Essie's Story is a collaborative effort of the two authors, Esther Burnett Horne, a Shoshone teacher, and Sally McBeth, an anthropologist. As such, it is a unique life history that ties together the analysis and insight of an anthropologist with the taped and edited words of the subject. Esther Burnett Horne was born in 1909 in Idaho and died a year after this book was published, in 1999, at the age of ninety.

McBeth met Essie in North Dakota after having done research on Oklahoma Indians' perceptions of their boarding school experiences for her doctorate. Essie had retired from the Indian School at Wahpeton, North Dakota, in 1965 and was widely known and recommended to McBeth as a teacher who went beyond normal expectations in caring for her students [End Page 454] and enriching their school experience with pride in their Indian heritage. A graduate of Haskell Institute in 1929, Essie soon excelled as a master teacher whose philosophy of education was to bring together the best of Indian and American traditions. She met Robert Horne, a Hoopa from California, at Haskell, and the couple was married soon after Essie got her first position at the Indian School in Eufaula, Oklahoma, in 1929. Robert got a position in the physical plant at the Wahpeton Indian school, so the couple decided to settle there. Essie obtained a position there and remained for thirty-five years. The couple had two daughters.
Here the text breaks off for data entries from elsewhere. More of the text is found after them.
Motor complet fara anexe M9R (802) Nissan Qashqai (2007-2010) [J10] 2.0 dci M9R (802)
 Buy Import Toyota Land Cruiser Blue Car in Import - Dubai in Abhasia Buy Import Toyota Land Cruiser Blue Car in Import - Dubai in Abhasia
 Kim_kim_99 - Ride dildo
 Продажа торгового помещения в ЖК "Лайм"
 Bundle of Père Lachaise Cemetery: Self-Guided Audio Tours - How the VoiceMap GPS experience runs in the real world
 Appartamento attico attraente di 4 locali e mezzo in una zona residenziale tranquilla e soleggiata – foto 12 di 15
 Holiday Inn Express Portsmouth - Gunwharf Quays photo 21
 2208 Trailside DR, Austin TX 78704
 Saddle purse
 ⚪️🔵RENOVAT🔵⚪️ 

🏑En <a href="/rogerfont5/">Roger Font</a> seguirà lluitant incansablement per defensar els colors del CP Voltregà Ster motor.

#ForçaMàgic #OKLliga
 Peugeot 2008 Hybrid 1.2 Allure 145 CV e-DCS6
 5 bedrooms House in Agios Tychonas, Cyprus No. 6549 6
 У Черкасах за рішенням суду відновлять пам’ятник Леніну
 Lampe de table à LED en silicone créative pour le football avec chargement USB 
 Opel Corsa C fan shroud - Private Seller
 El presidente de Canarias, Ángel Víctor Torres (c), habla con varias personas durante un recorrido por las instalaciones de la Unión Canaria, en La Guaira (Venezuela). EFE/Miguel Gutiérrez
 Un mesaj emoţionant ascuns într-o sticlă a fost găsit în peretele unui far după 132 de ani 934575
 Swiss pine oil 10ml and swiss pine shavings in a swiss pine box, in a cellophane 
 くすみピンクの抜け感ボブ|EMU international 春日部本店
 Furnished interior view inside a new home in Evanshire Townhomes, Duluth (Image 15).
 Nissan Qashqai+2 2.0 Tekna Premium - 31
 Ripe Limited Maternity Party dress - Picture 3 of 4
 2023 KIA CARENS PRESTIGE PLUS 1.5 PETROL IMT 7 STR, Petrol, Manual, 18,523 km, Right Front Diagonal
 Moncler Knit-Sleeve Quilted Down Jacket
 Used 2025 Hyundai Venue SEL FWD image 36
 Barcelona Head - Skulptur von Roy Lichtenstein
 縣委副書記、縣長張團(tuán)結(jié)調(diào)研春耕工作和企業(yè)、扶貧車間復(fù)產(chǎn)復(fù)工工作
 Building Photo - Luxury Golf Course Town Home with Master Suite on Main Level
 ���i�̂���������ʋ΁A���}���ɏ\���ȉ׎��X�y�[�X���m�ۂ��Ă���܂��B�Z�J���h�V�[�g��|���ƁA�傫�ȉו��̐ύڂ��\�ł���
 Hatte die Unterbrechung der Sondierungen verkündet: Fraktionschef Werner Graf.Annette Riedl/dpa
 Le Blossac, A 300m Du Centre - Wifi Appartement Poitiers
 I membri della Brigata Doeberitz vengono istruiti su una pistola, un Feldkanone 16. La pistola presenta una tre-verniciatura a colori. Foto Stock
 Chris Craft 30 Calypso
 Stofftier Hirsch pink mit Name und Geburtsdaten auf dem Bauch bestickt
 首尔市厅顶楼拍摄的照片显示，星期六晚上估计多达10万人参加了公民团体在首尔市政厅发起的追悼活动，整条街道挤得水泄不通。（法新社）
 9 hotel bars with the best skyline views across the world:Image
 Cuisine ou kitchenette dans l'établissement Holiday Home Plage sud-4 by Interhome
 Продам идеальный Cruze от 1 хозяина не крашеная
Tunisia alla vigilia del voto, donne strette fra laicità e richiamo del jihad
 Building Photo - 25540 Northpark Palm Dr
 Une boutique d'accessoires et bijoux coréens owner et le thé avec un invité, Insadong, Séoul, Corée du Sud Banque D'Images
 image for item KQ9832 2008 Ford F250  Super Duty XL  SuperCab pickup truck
Aside from its excellent introduction and discussion of the collaborative method, the most compelling aspect of the book is the development of Essie's Indian identity and her enthusiasm in encouraging her students to creatively construct positive Indian identities. Indian schools are unique, intertribal melting pots, where tribal traditions are shared and refashioned in the context of the dominant culture. Because Essie grew up in Idaho, away from the Shoshone people at Wind River (her mother was half Shoshone; her father, white), she was forced to construct a Shoshone and Indian identity without the benefit of living with Shoshone people in a Shoshone community. Her acquaintance with Shoshone language and culture was minimal, obtained through visits to the reservation, where her mother Mildred lived after Essie's father's premature death in 1922. Her father, Fincelius Burnett II (Finn Jr.), was the son of the boss farmer Fincelius Burnett and his Irish-American wife, Eliza McCarty Burnett. Burnett was hired by the government to teach farming to the Shoshone on their new reservation at Wind River in 1871 and remained there the rest of his life, respected by both Shoshones and whites. The couple had seven children; one daughter married William L. Simpson, a judge from Thermopolis and father of Senator Milward Simpson. An aunt married Paul R. Haas, a superintendent at the Wind River Agency in the 1920s.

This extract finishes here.